Вернёмся к теме родины. В категориях хронотопа это выглядит как обитание на территории, которая имеет пространственные координаты. Но не чисто географические, это такая странная родина, не Россия, не Франция, не Грузия (хотя почему нет? – С. С.). Человек ведь совершает свои акты не в безвоздушном пространстве, а здесь же, среди людей и вещей. Он сидит, курит трубку, попивает горячий грог, закусывает. К нему приходят друзья, вот он идёт туда, вот идёт сюда. Вот он едет в английский клуб, ведёт споры, бросает язвительные стрелы, стоя у колонны, возвращается домой, что-то пишет… А потом мы получаем некий текст, который становится откровением. И мы воспринимаем его «вдруг!». Господа! А Петр Яковлевич-то, оказывается, мыслитель! А мы и не думали, не гадали. Откуда в бывшем гусаре рождается философ, глубоко религиозный мыслитель?
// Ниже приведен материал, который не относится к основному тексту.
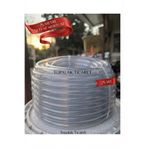 TOPALAKTİCARET 25 Metre1/2" Şeffaf Yumuşak Su Hortumu 12 Mm Çapında Klima Tahliye Hortumu Serum Hortum Slikon Hortum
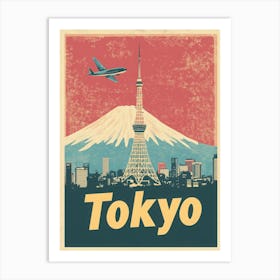 Aihrgdesign A Vintage Travel Poster Of Tokyo 1 Art Print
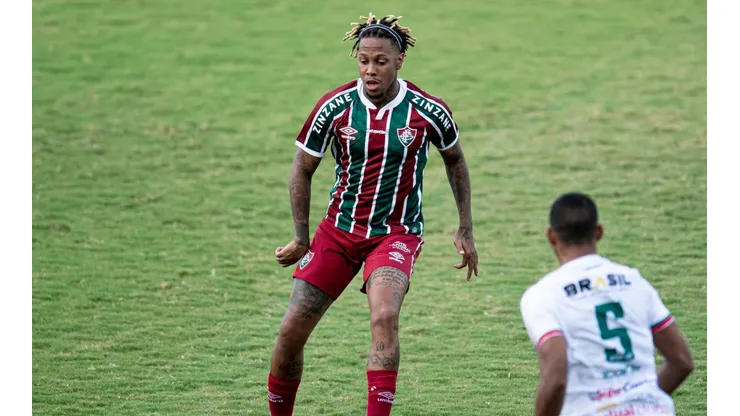 Uruguaio tem marcado gols importantes nos últimos jogos do Fluminense (Foto: Jorge Rodrigues/AGIF)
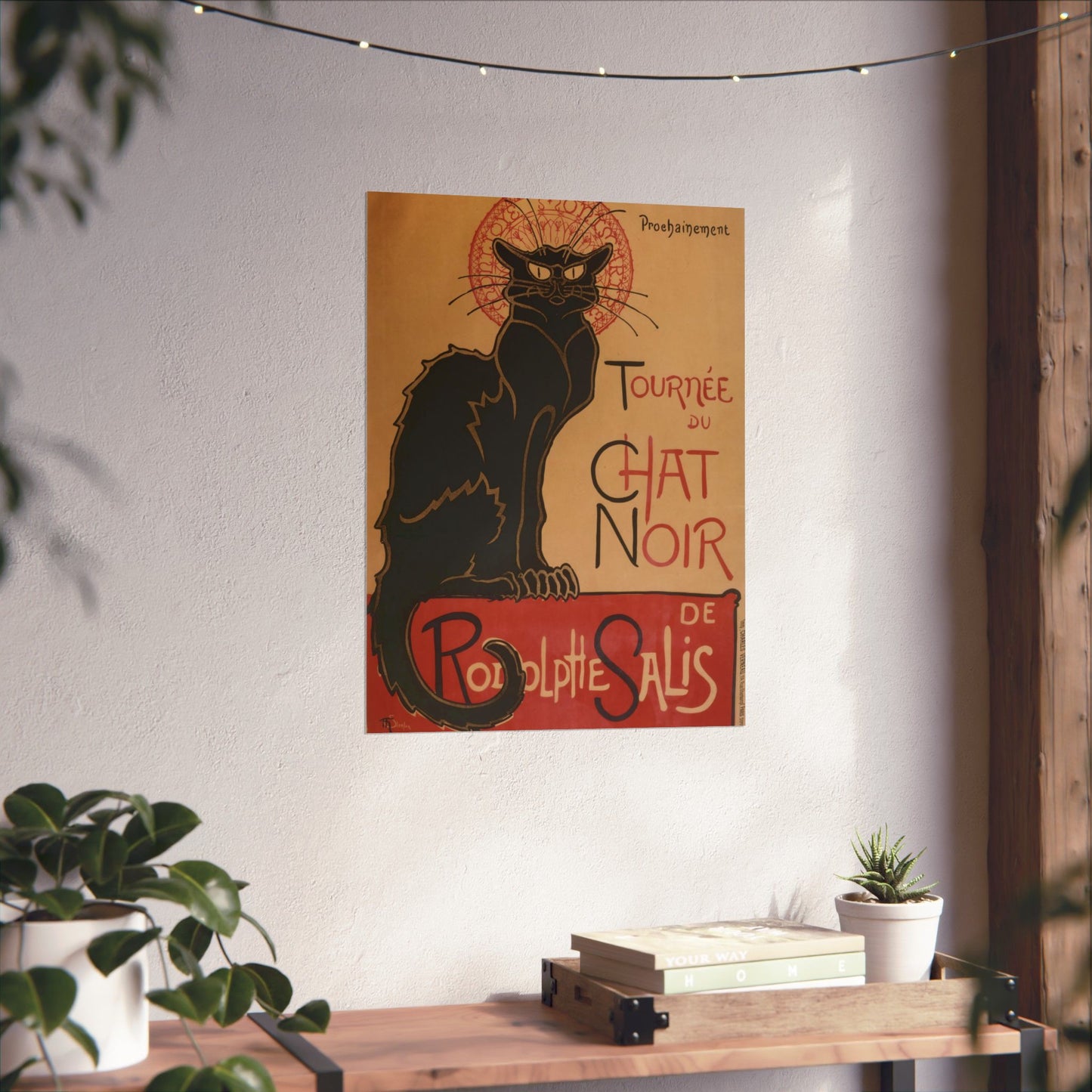 Le Chat Noir - Théophile Steinlen (1896) - Wall Poster Print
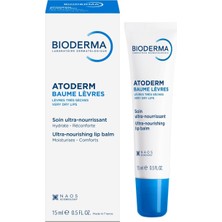 Meks Bioderma Atoderm Lip Balm Kuru, Çatlamış Dudak Besleyici Nemlendirici Dudak Kremi Avokado ve Shea Y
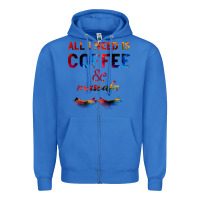 True Royal All I Need Is Coffee And Mascara Zipper Hoodie - Bettercallsaul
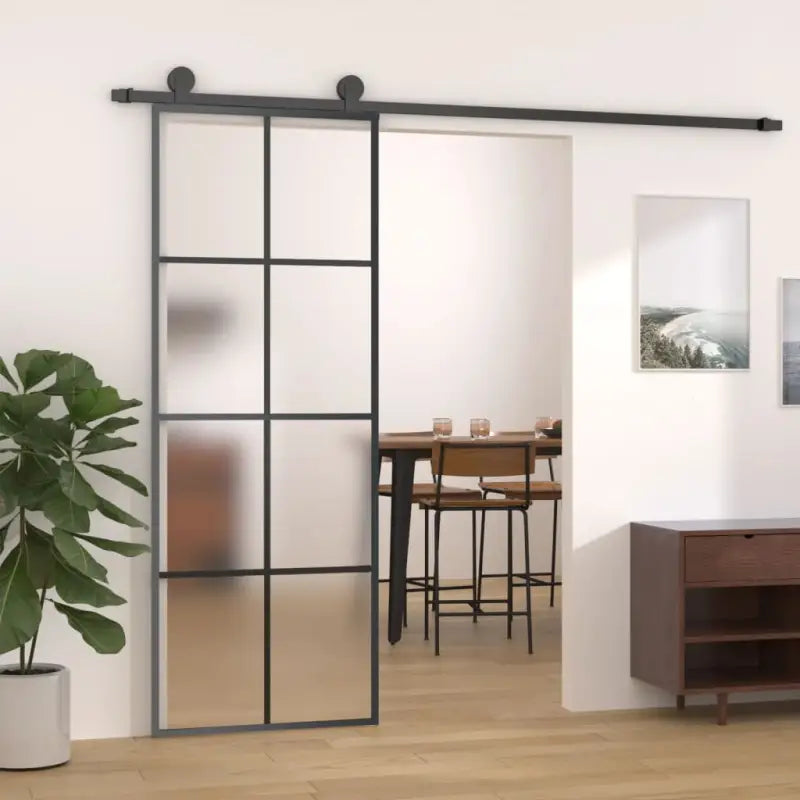 Voordeuren met eenvoudige installatie en stabiel aluminium frame - 76 x 205 cm / 1 / 4x2 rooster - Voordeuren
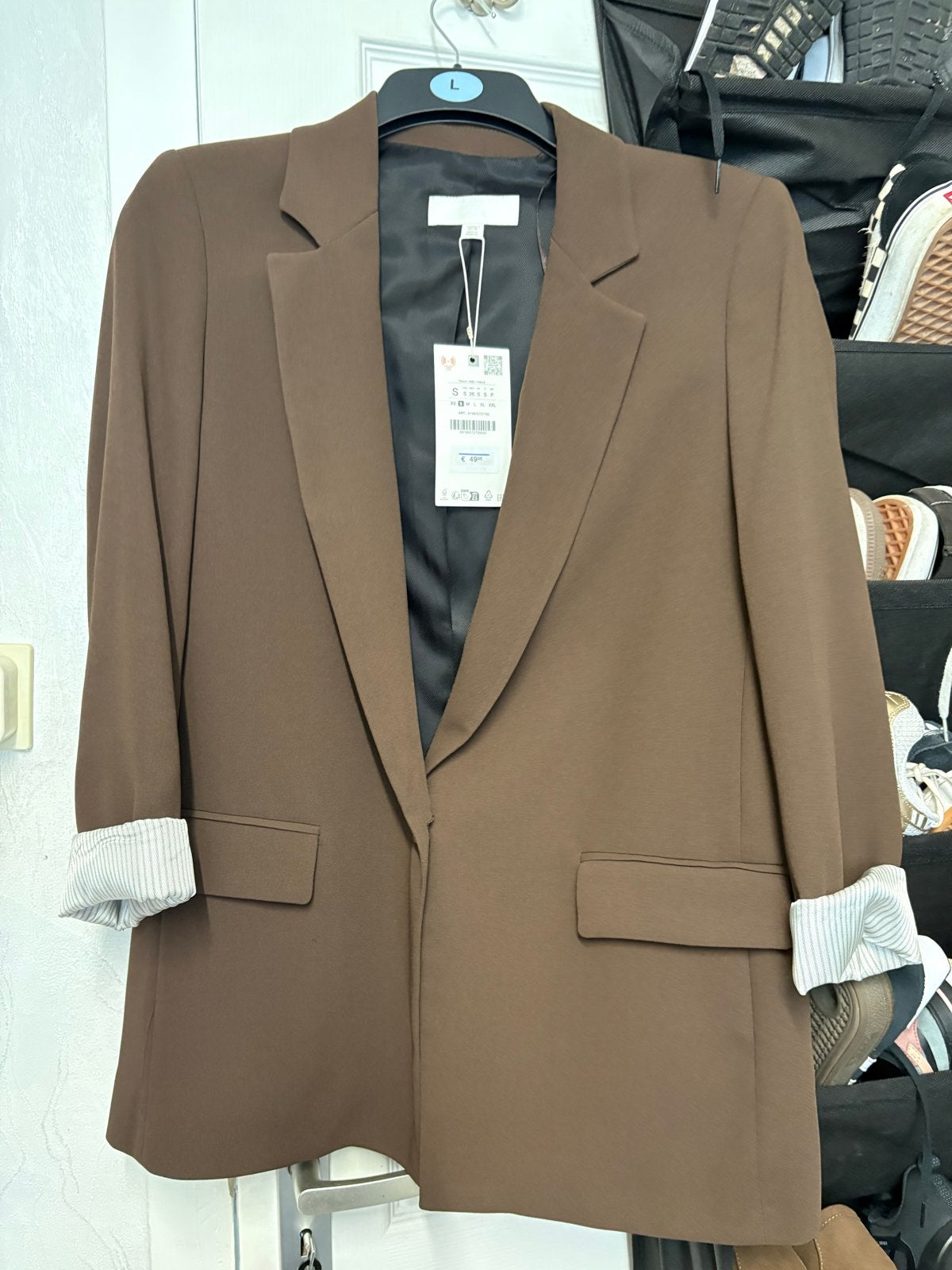 Nieuwe Zara bruine blazer, Bruin, Nieuw, Ophalen of Verzenden, Jasje
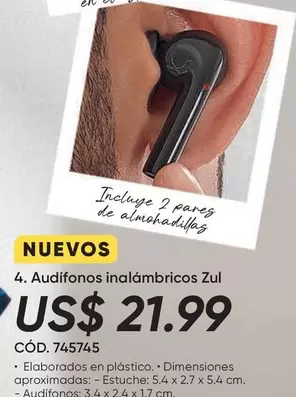 Audífonos inalámbricos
Человек эмпирически никуда не девается. Вот он, смертный среди смертных, имеющий и свою малую родину. Но за ней маячит иная, неизвестная страна, к которой мы принадлежим в качестве уже личностей, то есть странных существ, которых и существами не назовёшь. Личность соткана из неуловимых треков-действий. И только так в треках она и существует. И никто пока не придумал никакого прибора для отслеживания и фиксации этих треков.
Нельзя по этой причине нарисовать карту этой неизвестной страны, её очертания пульсируют и маячат. И нам остаётся лишь как-то рисовать маршрут по этой стране, как-то фиксировать его треки. Или мы ничего не умеем и не можем сказать про себя, кроме невнятного бормотания и задним числом придумывания каких-то слов про личность?
В общем, жизнь этого существа странная на этой всегда неизвестной родине. Он вроде вот он, имярек, живёт в конкретном доме, на конкретной улице. После его ухода в мир иной на этом доме может появиться табличка с надписью:
здесь жил и работал такой-то, тогда-то… Выдающийся, известный и всякий, всякий… Мы, пригвождая его к этому камню, прибегаем к привычным аналогиям, сравнениям, отождествлениям, узнаваниям, оценкам… Он жил в своих поступках-треках. Потом ушёл. И нет его. Но мы помним его, храним его одежду, вещи, дом, квартиру, книги… Придумываем по этому поводу разные легенды. Храним его следы, полагая, что вот он и был такой, носил вот этот халат, сидел вот в этом кресле, любил пить такое вино, у него были дети или не были… Это какая улица?Улица Мандельштама.Что за фамилия чертова –Как ее ни вывертывай,Криво звучит, а не прямо.Мало в нем было линейного,Нрава он был не лилейного,И потому эта улица,Или, верней, эта ямаТак и зовется по имениЭтого Мандельштама…Но если мы понимаем, что он, точнее его личность, жила странным образом, не в халате и не в кресле, а как сугубо поступающее существо, как сверкающая молния, как вспышка, в треках и зигзагах странных поступков, то при чём тут вообще халаты, кресла, трубки? А с другой стороны, его рука и выводила на листе бумаги бессмертные строки: «минута, и стихи свободно потекут…».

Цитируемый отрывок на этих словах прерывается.